I would agree with that but my cousin seems to be the exception 2350 w/ 21,000+ hrs, 7210 w/ 15,000+ hrs, 4850 & 4960 w/ well over 10,000.


----------



## Shetland Sheepdog (Mar 31, 2011)

Looking at the photos, I'm going to speculate that someone read the hour meters wrong, and actual hours are 1/10th of stated, probably read as hours when should be hours & tenths! JMHO, Dave


----------



## slowzuki (Mar 8, 2011)

I'd bet the hours are correct, several friends of mine worked at mines where the machines run 24/7, 12 hour shifts, one operator gets off the next gets in. They stop for service and repairs only.

They had scheduled major rebuilds at 30k hours on the dozers if I remember right.

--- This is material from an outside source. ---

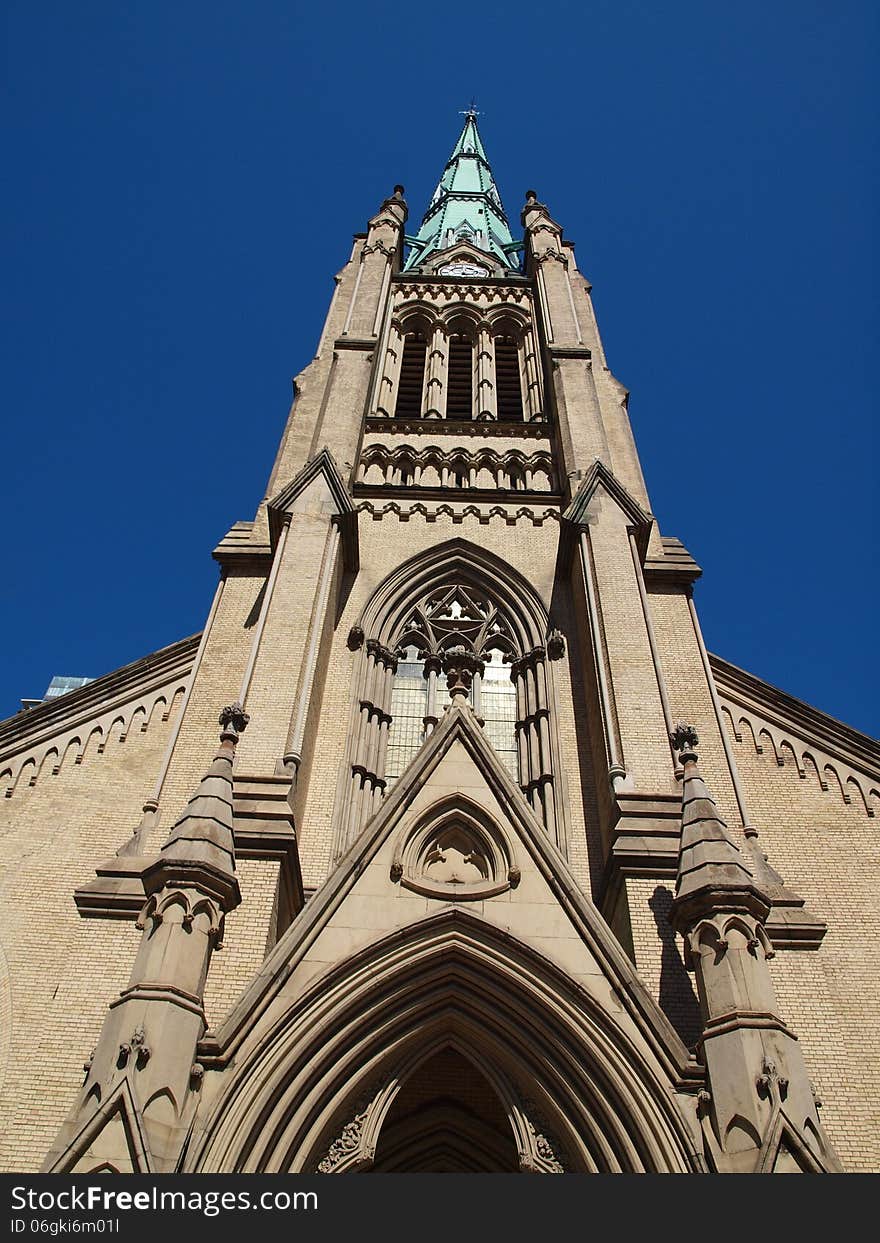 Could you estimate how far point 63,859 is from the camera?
12375mm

Backhoes were used just idling most of the time with operator on call to drag the power cable for the shovels.


----------



## TORCH (Jan 7, 2012)

Makes one think, all the hours how could the seats be that nice? unless replaced 4 times?


----------



## slowzuki (Mar 8, 2011)

Because they don't get in and out many times per shift and they often sit parked not bouncing up and don't wearing the fabric.



TORCH said:


> Makes one think, all the hours how could the seats be that nice? unless replaced 4 times?


----------



## carcajou (Jan 28, 2011)

I know of a JD 4020 that has over 30,000 hrs on it. The owner is not known for being easy on equipment either. That is too much ass time in one tractor seat for me.


----------



## Swv.farmer (Jan 2, 2016)

One thing I can guarantee is if they were used around a coal mine is that they were not easy hours.
I worked 15 years in a deep mine and coal miners are hard on everything.

Their was a story told one time about a mine buying 3 of everything the reason was that a coal miner would break one steal one and use one.


----------



## Gearclash (Nov 25, 2010)

2006 6120 sold for $15,500, had 36,458 hrs, said it needed a head gasket.

2002 6120 sold for $16,700, had 34,931 hrs.

I would think a salvage yard bought them.

Seems like enough money for salvage tractors, but they are comparatively late model. Anybody know what these tractors sold for new? I'm curious what the per hour depreciation average is.


----------



## luke strawwalker (Jul 31, 2014)

Gearclash said:


> 2006 6120 sold for $15,500, had 36,458 hrs, said it needed a head gasket.
> 
> 2002 6120 sold for $16,700, had 34,931 hrs.
> 
> ...


Wow... did they ever shut the engine off on them to get THAT many hours on the clock??

Later! OL J R


----------



## Hawk40 (Jun 28, 2015)

Gearclash said:


> 2006 6120 sold for $15,500, had 36,458 hrs, said it needed a head gasket.
> 
> 2002 6120 sold for $16,700, had 34,931 hrs.
> 
> ...


----------



## Hawk40 (Jun 28, 2015)

We've had a lot of 6410-6430's in the strawberry farm in FL
New 64's were around 55,000 back in 2005, not sure about 61's. Never seen one around here.
Did have a 7200 that was traded in several yrs ago that had 24,500 hrs on it. It would crank up and run good but wouldn't pull a load anymore


----------



## Gearclash (Nov 25, 2010)

Hawk40 said:


> We've had a lot of 6410-6430's in the strawberry farm in FL
> New 64's were around 55,000 back in 2005, not sure about 61's. Never seen one around here.
> Did have a 7200 that was traded in several yrs ago that had 24,500 hrs on it. It would crank up and run good but wouldn't pull a load anymore


About a dollar an hour average depreciation then.


----------